● **Assigned task**
Return the data below in full and exactly, except that the pictures are dropped.

● **Stored data**
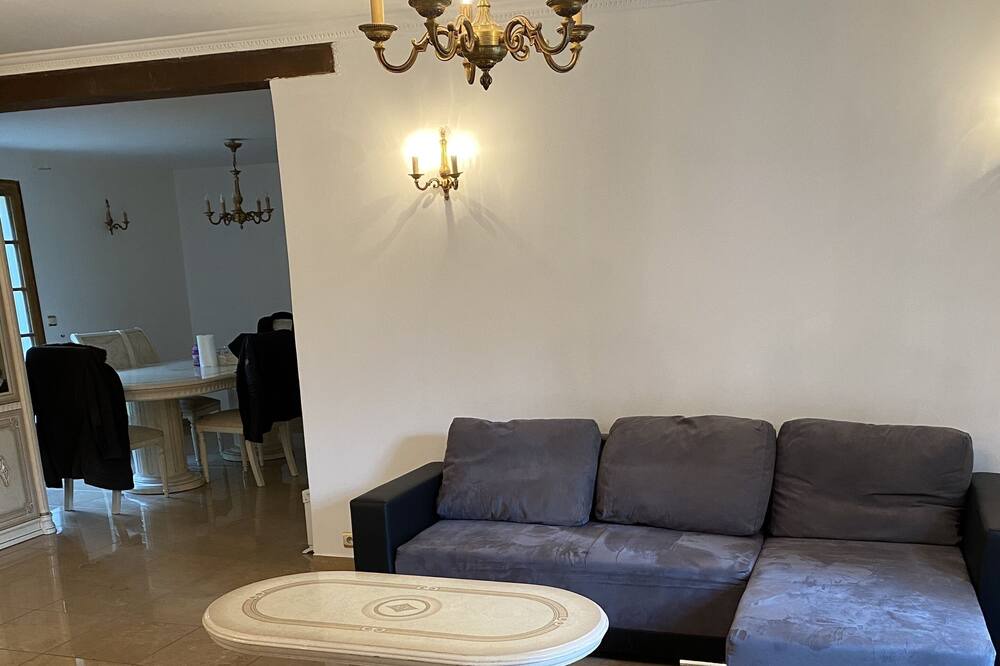 Photo of Livingroom in Piseux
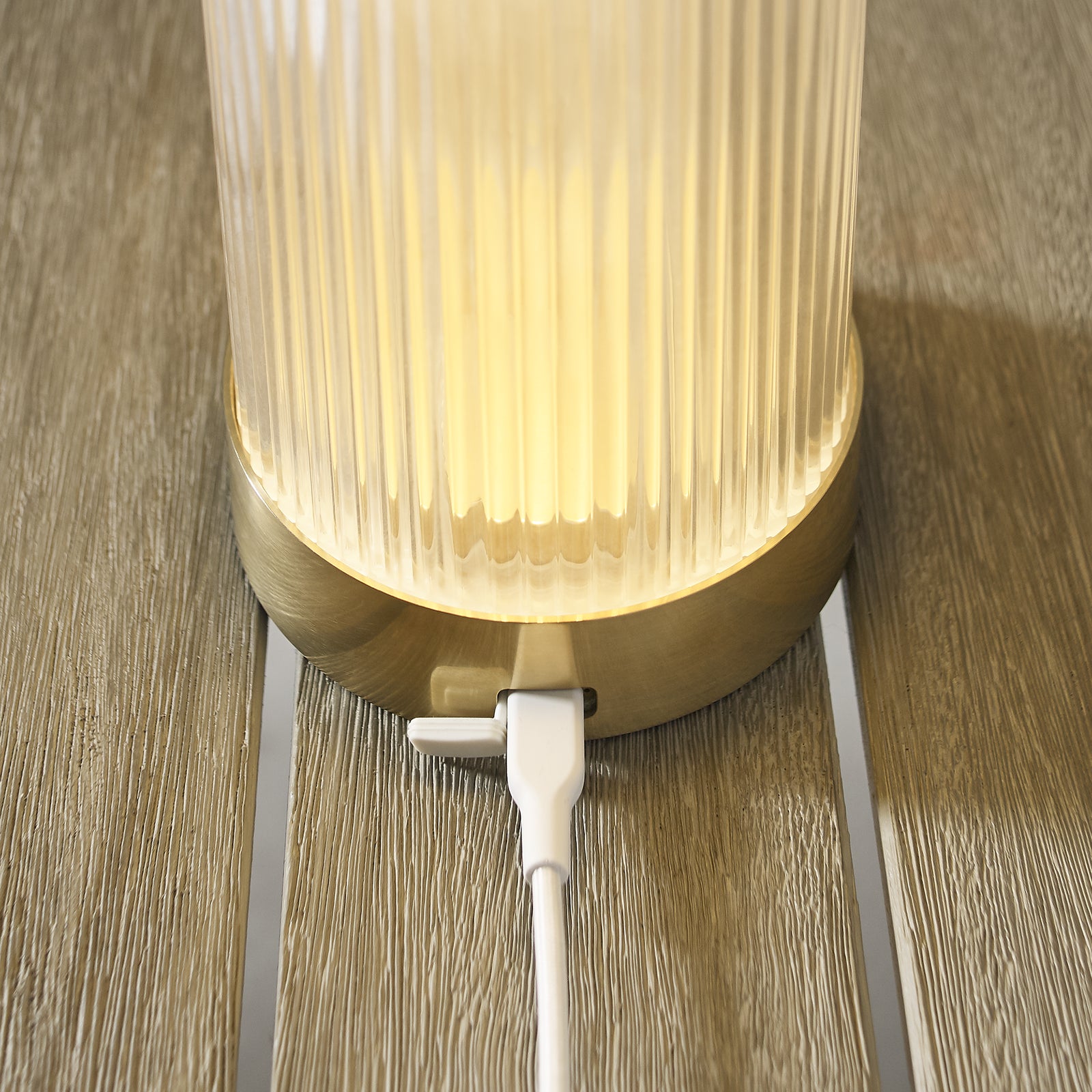 Tawa Accent Rechargeable Table Lamp - Visual Comfort Modern 13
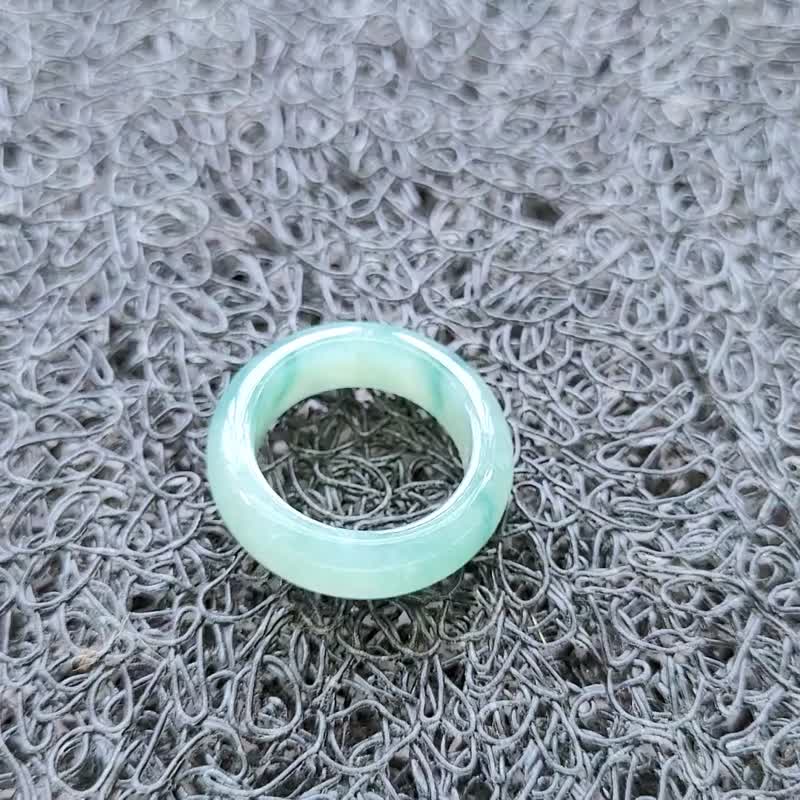 【亲翠】天然翡翠 冰满色淡薄荷绿深飘花手指镯7号戒圈 - 戒指 - 玉石 绿色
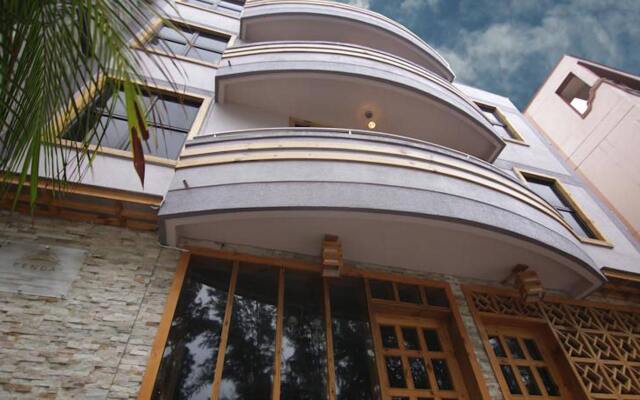 Отель Grace Beach Inn Мале вид на фасад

● **Response for this exercise**
 Photo of Livingroom in Piseux
 Tawa Accent Rechargeable Table Lamp - Visual Comfort Modern 13
 【亲翠】天然翡翠 冰满色淡薄荷绿深飘花手指镯7号戒圈 - 戒指 - 玉石 绿色
 Отель Grace Beach Inn Мале вид на фасад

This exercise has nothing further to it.